Data excerpts:

++++++

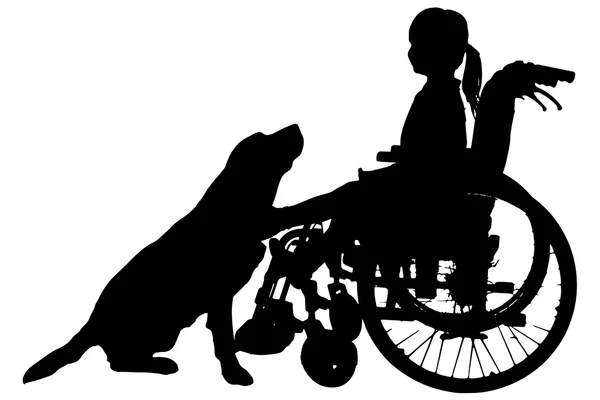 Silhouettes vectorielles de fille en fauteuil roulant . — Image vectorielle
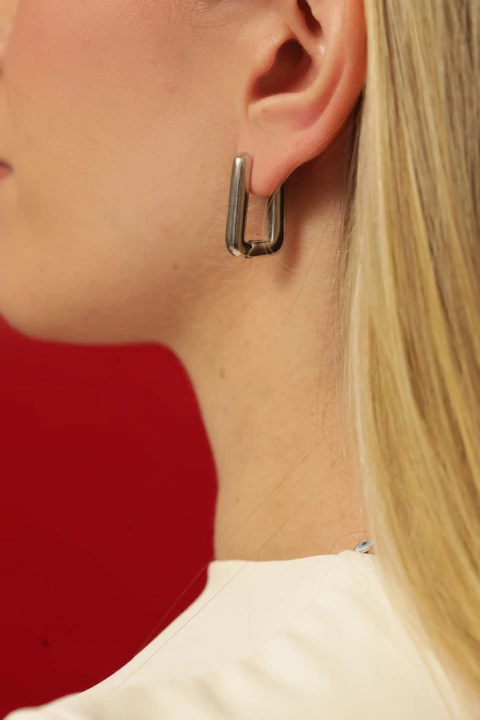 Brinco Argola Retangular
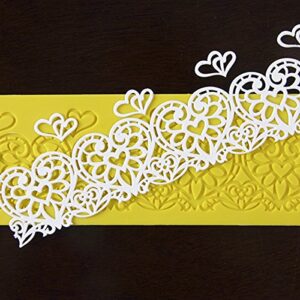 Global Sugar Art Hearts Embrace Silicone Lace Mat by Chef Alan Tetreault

++++++

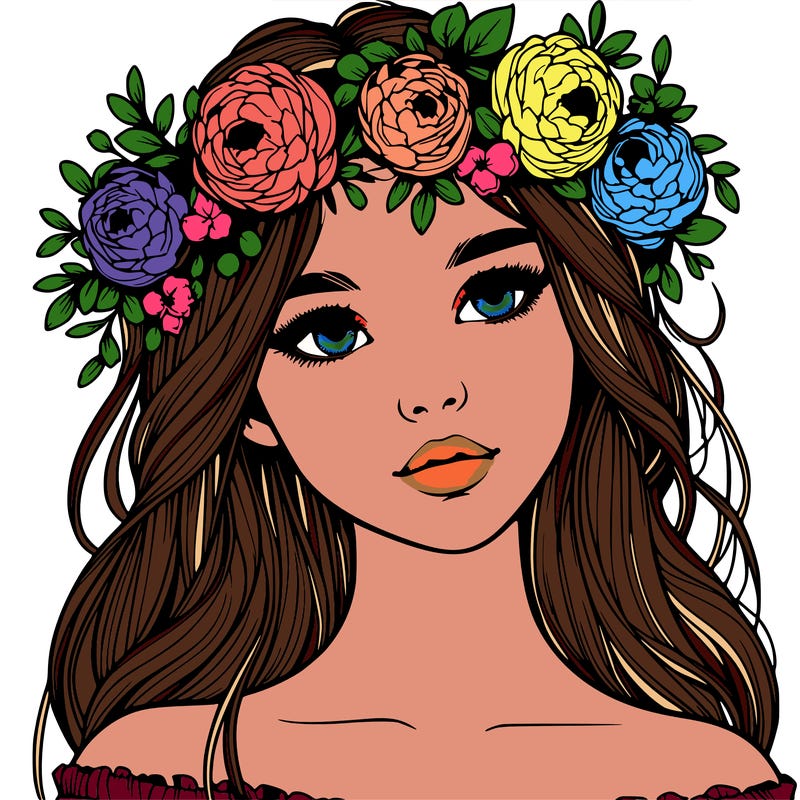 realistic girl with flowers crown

++++++

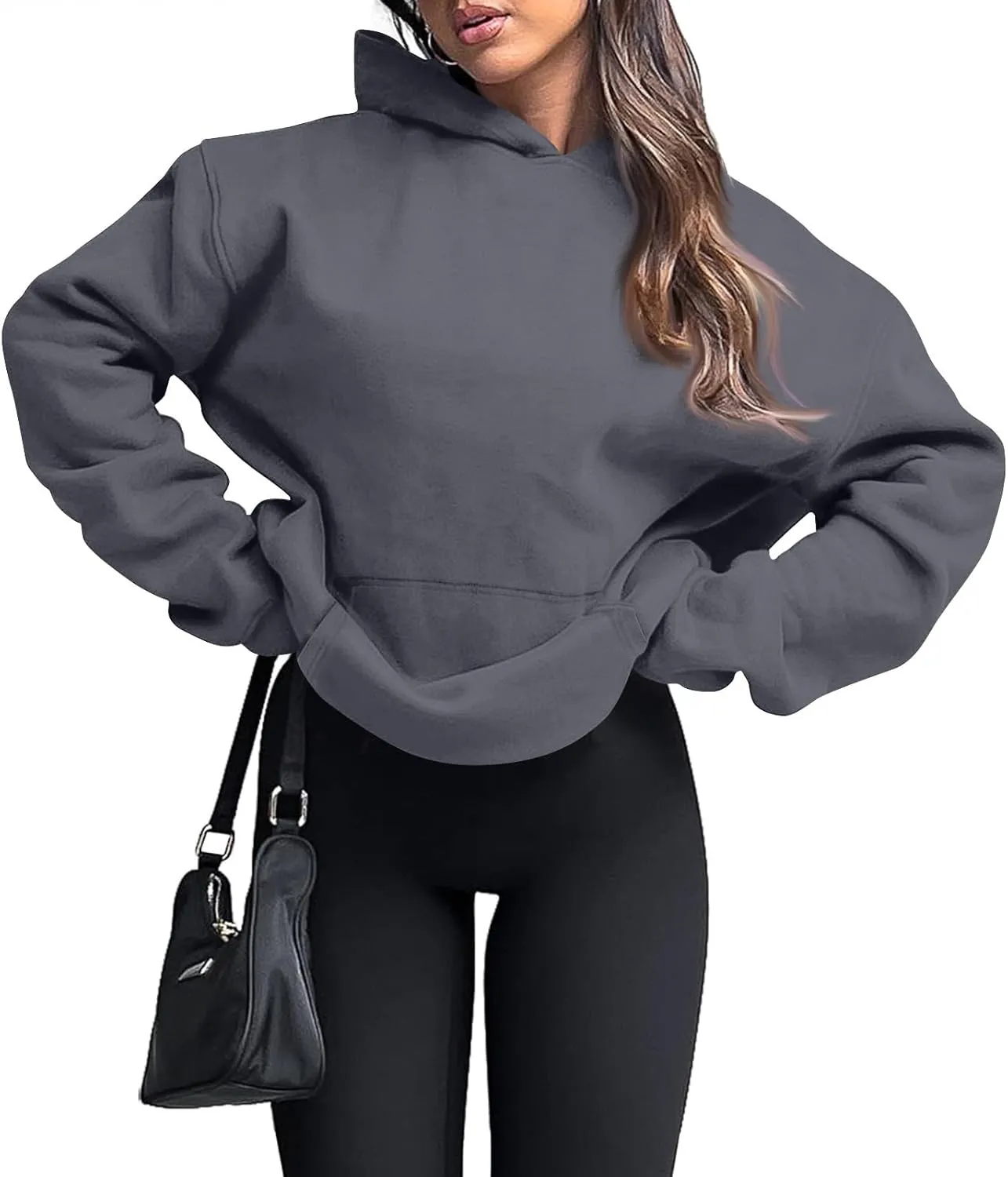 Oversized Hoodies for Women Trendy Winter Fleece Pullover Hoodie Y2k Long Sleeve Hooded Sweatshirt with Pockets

++++++

Directions: Return the material from the line containing "Silhouettes vectorielles de" through the line containing "Global Sugar Art", exactly and in full, but without its pictures.

Answer section:
 Silhouettes vectorielles de fille en fauteuil roulant . — Image vectorielle
 Brinco Argola Retangular
 Global Sugar Art Hearts Embrace Silicone Lace Mat by Chef Alan Tetreault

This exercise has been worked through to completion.